▸ **TASK BRIEF**
Restate all the data word for word and omit the pictures.

====== PROVIDED RECORDS ======

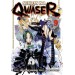 Seikon no Qwaser Nº 08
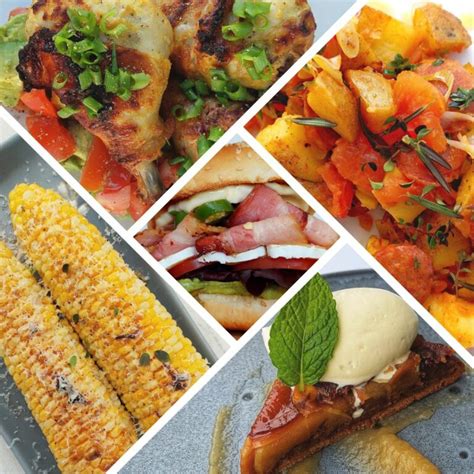 Quickest ways to elevate dish presentation for stunning foodie photos?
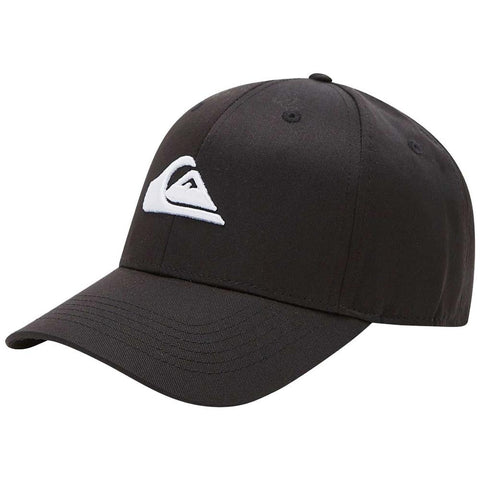 Quiksilver Snapback Hat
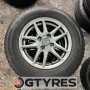 185/70 R14 YOKOHAMA ICE GUARD IG50 PLUS 2018 (284T41024)  Зимние   8 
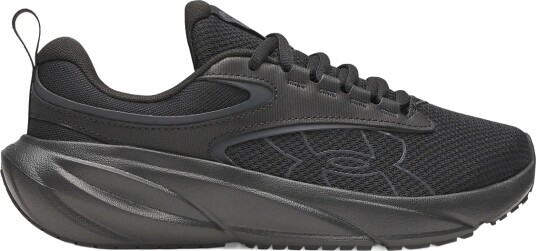 Under Armour Ua W Surge 5 Black 42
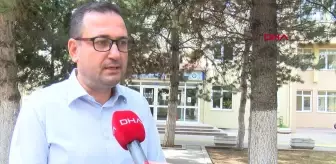 Balıkta 'VHS' Tehdidi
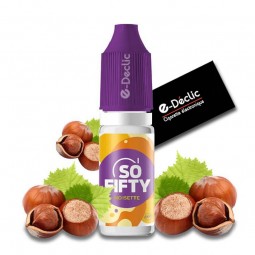 cigarette-electronique-e-liquide-10ml-sofifty-noisette-alfaliquid-E-Declic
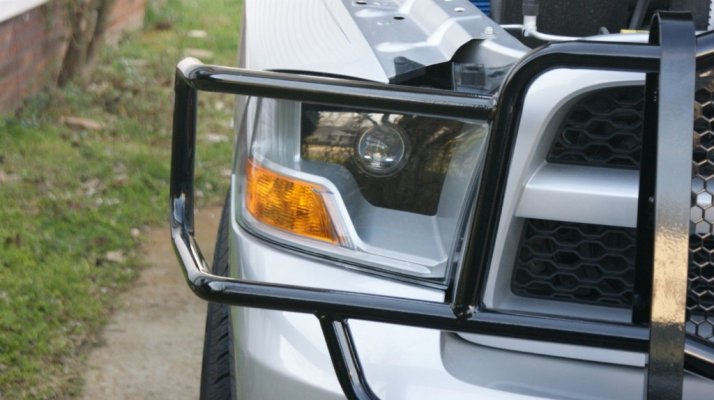 Passanger_Side_HID_In_zps61941cce.jpg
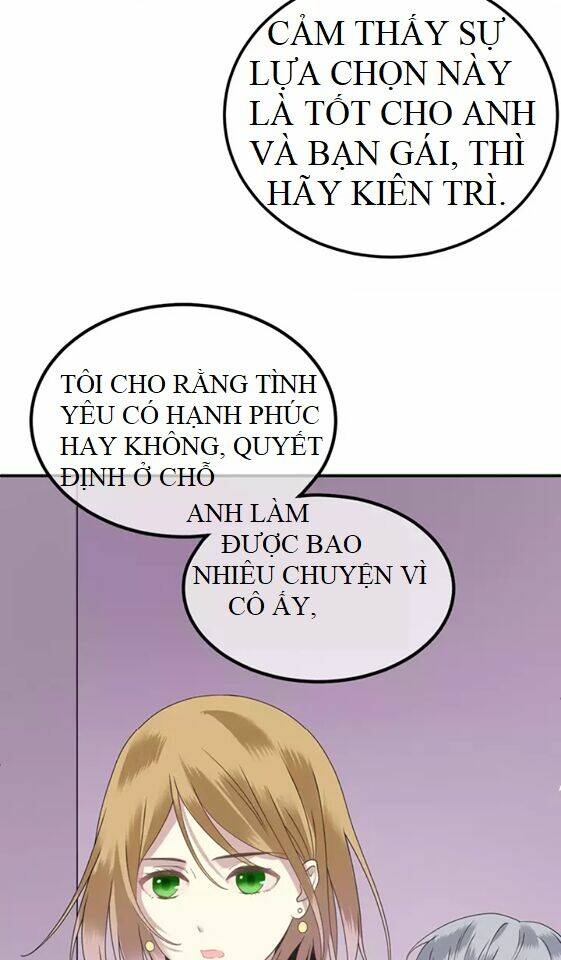 Thần Tượng Điểm Zero Chapter 84 - Trang 2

======

▸ **FINAL ANSWER**
 Seikon no Qwaser Nº 08
 Quickest ways to elevate dish presentation for stunning foodie photos?
 Quiksilver Snapback Hat
 185/70 R14 YOKOHAMA ICE GUARD IG50 PLUS 2018 (284T41024)  Зимние   8 
 Under Armour Ua W Surge 5 Black 42
 Balıkta 'VHS' Tehdidi
 cigarette-electronique-e-liquide-10ml-sofifty-noisette-alfaliquid-E-Declic
 Passanger_Side_HID_In_zps61941cce.jpg
 Thần Tượng Điểm Zero Chapter 84 - Trang 2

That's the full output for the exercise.